儘管如此詹姆仍然嘗試的說:“小天狼星,我在這裡。是我,詹姆。我在這裡陪你。”尖叫聲沒有減弱,小天狼星也沒有露出任何跡象說他知道詹姆在這裡。詹姆繼續道。
“我知道你不能聽到我說話,但我在這裡陪你。”他的視線模糊了,最初他以為是攝魂怪們終於注意到了他,直到淚水洶湧直下。
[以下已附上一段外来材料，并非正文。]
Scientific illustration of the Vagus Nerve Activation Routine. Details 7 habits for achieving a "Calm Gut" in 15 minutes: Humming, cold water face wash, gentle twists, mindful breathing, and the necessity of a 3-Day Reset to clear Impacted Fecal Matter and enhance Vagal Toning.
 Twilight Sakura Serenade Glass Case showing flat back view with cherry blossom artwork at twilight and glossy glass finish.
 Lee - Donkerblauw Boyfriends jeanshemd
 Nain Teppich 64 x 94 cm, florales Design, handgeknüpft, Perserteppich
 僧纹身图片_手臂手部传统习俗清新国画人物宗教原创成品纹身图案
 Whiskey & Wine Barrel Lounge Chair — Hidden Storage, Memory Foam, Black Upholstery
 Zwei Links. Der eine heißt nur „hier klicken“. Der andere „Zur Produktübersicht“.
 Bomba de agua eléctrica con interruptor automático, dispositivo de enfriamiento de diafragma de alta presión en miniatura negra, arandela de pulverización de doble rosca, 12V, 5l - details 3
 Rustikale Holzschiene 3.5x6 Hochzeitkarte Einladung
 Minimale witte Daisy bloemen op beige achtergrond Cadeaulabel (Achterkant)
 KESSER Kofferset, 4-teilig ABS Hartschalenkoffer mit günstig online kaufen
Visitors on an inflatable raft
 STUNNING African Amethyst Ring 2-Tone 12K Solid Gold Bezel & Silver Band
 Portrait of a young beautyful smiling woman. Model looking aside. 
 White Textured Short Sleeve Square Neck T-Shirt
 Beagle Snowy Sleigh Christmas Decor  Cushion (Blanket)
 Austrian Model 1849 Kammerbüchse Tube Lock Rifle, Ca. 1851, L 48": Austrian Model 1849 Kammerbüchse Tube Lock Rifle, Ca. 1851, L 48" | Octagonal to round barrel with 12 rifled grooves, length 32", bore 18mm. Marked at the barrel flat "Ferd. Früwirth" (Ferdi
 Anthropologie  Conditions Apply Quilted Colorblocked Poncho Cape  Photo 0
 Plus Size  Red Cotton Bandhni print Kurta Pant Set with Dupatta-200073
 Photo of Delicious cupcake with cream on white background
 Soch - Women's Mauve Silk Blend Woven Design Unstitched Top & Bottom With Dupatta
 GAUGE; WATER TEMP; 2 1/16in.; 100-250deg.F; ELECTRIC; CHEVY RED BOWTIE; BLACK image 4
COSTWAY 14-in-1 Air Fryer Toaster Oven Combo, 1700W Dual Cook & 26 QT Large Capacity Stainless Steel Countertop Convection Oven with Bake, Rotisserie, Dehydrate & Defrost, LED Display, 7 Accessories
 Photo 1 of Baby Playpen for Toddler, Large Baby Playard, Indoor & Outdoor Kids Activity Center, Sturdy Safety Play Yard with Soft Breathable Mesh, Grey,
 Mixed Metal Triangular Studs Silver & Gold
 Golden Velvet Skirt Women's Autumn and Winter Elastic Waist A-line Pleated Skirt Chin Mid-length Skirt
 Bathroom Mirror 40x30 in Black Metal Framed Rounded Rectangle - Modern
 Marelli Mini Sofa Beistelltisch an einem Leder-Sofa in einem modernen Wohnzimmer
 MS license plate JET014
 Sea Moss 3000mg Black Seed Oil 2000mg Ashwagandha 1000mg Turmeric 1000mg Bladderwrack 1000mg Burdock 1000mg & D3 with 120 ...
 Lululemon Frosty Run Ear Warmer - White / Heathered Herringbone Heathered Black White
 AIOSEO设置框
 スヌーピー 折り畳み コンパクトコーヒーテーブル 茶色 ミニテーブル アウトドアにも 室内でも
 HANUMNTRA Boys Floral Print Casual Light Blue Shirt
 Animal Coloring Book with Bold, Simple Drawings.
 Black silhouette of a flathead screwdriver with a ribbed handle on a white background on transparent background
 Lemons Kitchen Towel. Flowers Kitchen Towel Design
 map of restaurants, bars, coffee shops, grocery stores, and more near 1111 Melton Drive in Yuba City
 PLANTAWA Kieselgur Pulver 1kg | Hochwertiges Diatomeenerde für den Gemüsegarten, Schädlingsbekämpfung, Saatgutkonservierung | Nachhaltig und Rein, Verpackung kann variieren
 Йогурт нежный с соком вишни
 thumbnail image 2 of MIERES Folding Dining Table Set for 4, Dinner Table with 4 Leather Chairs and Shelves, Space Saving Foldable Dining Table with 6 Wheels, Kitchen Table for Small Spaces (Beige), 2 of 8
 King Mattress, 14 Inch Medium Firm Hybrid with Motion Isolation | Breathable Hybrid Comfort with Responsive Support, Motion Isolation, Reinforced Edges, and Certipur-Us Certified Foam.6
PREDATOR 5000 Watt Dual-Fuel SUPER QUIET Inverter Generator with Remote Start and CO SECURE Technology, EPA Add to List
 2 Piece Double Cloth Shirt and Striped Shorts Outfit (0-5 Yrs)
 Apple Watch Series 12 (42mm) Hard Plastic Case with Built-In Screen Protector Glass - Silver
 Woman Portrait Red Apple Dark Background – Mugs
“帶我離開這裡,貝拉特裡克斯。”
“這個魔法詞彙是什麼,吉米?”頑皮的嘲笑重新回到她的聲音中。他感覺到她的手沿著他的脊背向上,靈敏的手指在他的濕發中彎曲。詹姆閉上眼睛,咬緊牙關。不是現在。上帝。隨便什麼時候但不要是現在。
“請。”
“我要的不是這個。”
詹姆快瘋了。她尋求的不是什麼?她想要什麼?他幾乎不能思考。現在的時間和地點都不適合玩遊戲。“你想要我說什麼?”
貝拉特裡克斯的眼睛閃著光芒:“求我。”
感覺好像他剛剛出售了自己的靈魂,詹姆喃喃道:“我祈求你。”這幾個詞幾乎聽不到。他無力去抵抗,而且這個遊戲場太危險了。
“這是一個開始。”貝拉特裡克斯哈哈大笑,她帶著他們兩個進入將他們帶出大群攝魂怪的漩流。詹姆幾乎沒有記住更多。他周圍的整個世界停滯了,我祈求你這幾個詞在他的腦海中出現了一次又一次。
什麼都不存在了。隻有這三個詞撕破了他的本質,讓他變得空空如也,不再完整。一次又一次,這幾個詞在他腦中回響。
我乞求你。
我乞求你。
我乞求你。
詹姆隻有感謝他還沒有滑得更遠去說一組不同的三個詞,但這隻是微不足道的安慰。